Gaidon v. Guardian Life Insurance Co. of America

Bellacosa, J.

(dissenting in part). My dissent is respectfully tendered solely with regard to the "revival and reinstatement of the General Business Law § 349 claims. I agree with the lower courts, including their rulings that these particular claims are no more sustainable or cognizable on these records than any of the other standard claims.

I dissent also because the precedential implications of the *351Majority holding, as proposed, are beyond the intent, enactment and interpretation of this remedial statute. In particular, I conclude that no deceptive act or practice, which would mislead a reasonable consumer, has been alleged in these cases under this statute. I would therefore affirm the Appellate Division orders outright.

I.

In the Gaidon action, defendant’s motion to dismiss pursuant to CPLR 3211 was granted, dismissing plaintiffs’ complaint containing their causes of action for violations of General Business Law § 349. The standard applied in this case is whether a pleading and its factual allegations manifest any cause of action “cognizable at law” (Guggenheimer v Ginzburg, 43 NY2d 268, 275). Dismissal is appropriate when evidentiary material is considered where an alleged material fact “is not a fact at all and * * * no significant dispute exists regarding it” (id., at 275).

Here, the complaint must sufficiently set forth a “forbidden type of deception” (id., at 275). While the failure to disclose information may be found “less than candid, it cannot, as a matter of law, be found deceitful” when there is no evidence in the record to refute defendant’s assertions (see, St. Patrick’s Home for Aged & Infirm v Laticrete Intl., 264 AD2d 652, 655). The failure of a pleading to present a deceptive act or practice, under the sweep and provenance of General Business Law § 349, should render the asserted claims deficient on the face of, and at the outset of, the dispute brought to a court (see, id.).

Defendants moved in the Goshen action for summary judgment. Thus, reviewing the pleadings as well as the evidentiary materials, plaintiffs must present a triable issue of fact to defeat the motion. I conclude, as did the courts below, that no genuine triable issue of fact is presented on this record, and summary judgment was appropriately granted to defendants.

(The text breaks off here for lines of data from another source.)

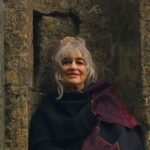 Jill Purce sitting on a stone chair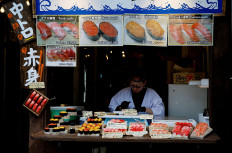 A vendor works at a shop selling sushi rolls at Tsukiji Outer Market in Tokyo on Feb. 16, 2026.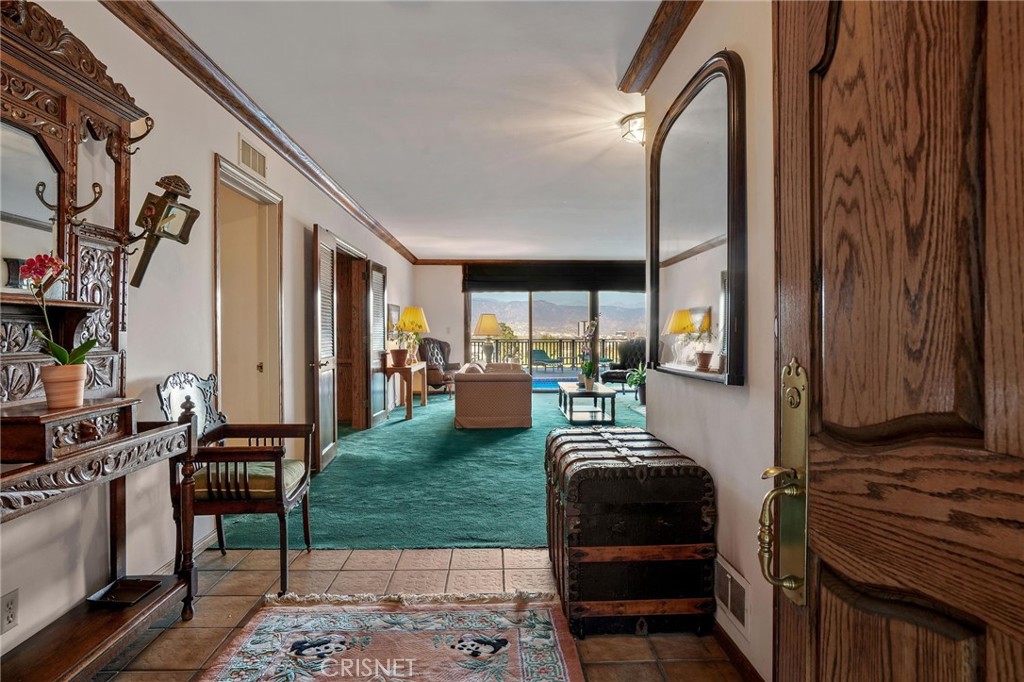 3620 Wrightwood Drive Studio City, CA 91604 - Photo 11 of 39 a living room with furniture and a fireplace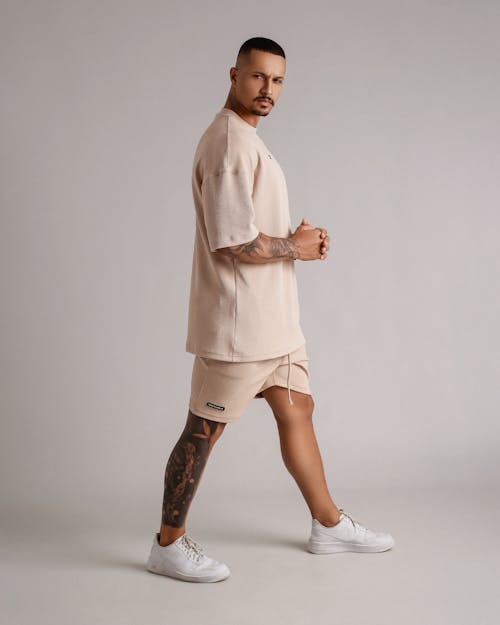 Man with Tattoos Standing in T-shirt and Shorts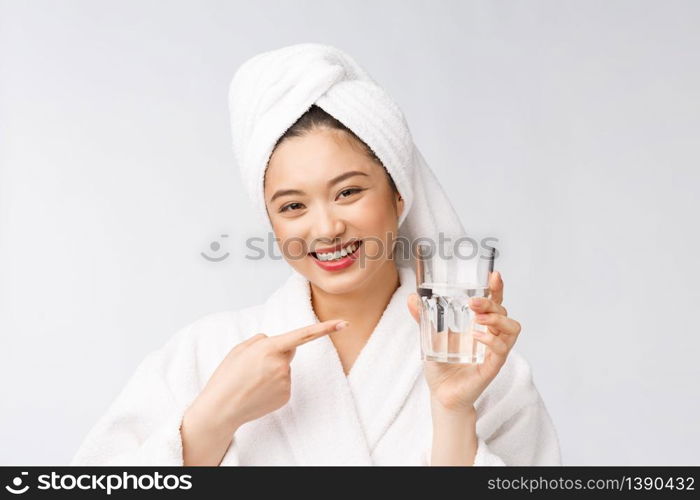 Healthy young beautiful woman drinking water, beauty face natural makeup, isolated over white background. Healthy young beautiful woman drinking water, beauty face natural makeup, isolated over white background.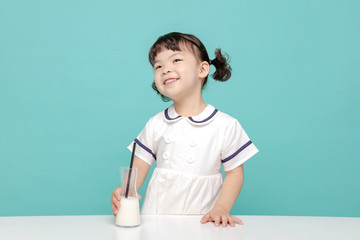 Little pretty Asian girl laughing portrait with milk and bread, healthy and happy lifestyle.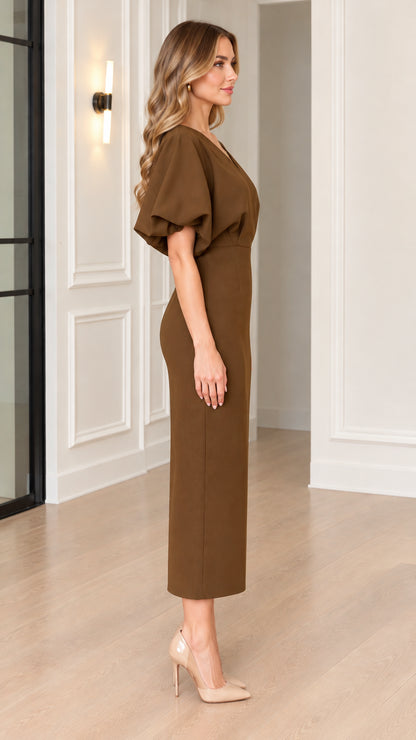 Side profile view of woman wearing brown puff sleeve midi dress with pointed heels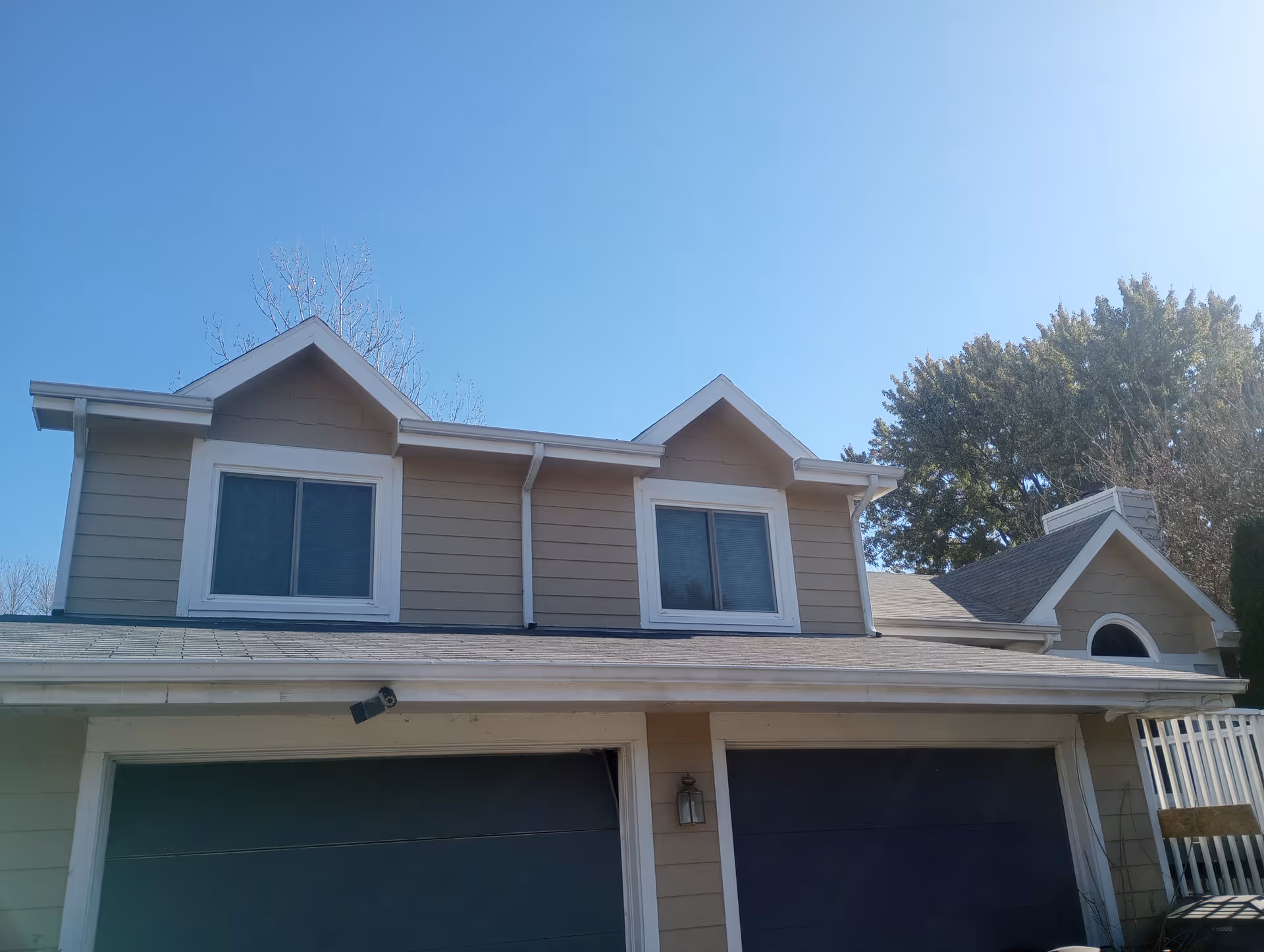 A residential building with two garage doors and dormer windows under a clear blue sky.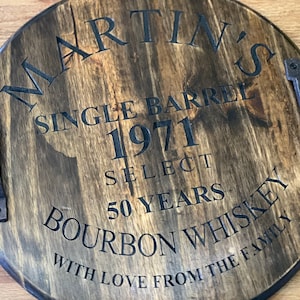 Può includere: Un vassoio rotondo in legno con macchia marrone scuro e scritte nere. Il testo recita "MARTIN'S SINGLE BARREL 1971 SELECT 50 YEARS BOURBON WHISKEY WITH LOVE FROM THE FAMILY." Presenta due maniglie in metallo.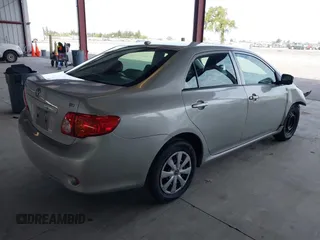 2010 Toyota Corolla with VIN JTDBU4EE2A9107184, listed as a IAAI auction lot 41861299 with 192,519 mi miles. Bid and sale history available at carsss.com. Image 4.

In the instant cases, plaintiffs essentially charge that the use of illustrations by defendants’ sales agents, depicting time lines at which premium payments might “vanish,” misled the consumers within the meaning of the statute. Additionally, in Goshen, plaintiffs claim that defendant MONY knew the use of the “vanishing premium” sales promotion was not viable and that the company attempted to conceal this awareness from the plaintiff class. The Goshen plaintiffs submitted affidavits purporting that the dividends illustrated by MONY were not *352sustainable. In my view, on these records, the allegations do not measure up to cognizable causes of action necessitating a trial on the General Business Law § 349 claims.

II.

In 1970, the Legislature enacted section 349 of the General Business Law to “strengthen the consumer protection powers of the Attorney General by enabling him to obtain injunctions against all deceptive and fraudulent practices affecting consumers and by clarifying his powers to obtain restitution for defrauded consumers in such proceedings” (Governor’s Mem approving L 1970, chs 43 and 44, 1970 NY Legis Ann, at 472). Consumers were given a protection for an “honest market place” enforceable by the Attorney General (id., at 472). Section 349 tracked the actions of the FTC with respect to interpretation and enforcement of the Federal Trade Commission Act (15 USC § 45), in that agency’s effort to eradicate or penalize deceptive acts and practices (see generally, Matter of State of New York v Colorado State Christian Coll, of Church of Inner Power, 76 Misc 2d 50, 54).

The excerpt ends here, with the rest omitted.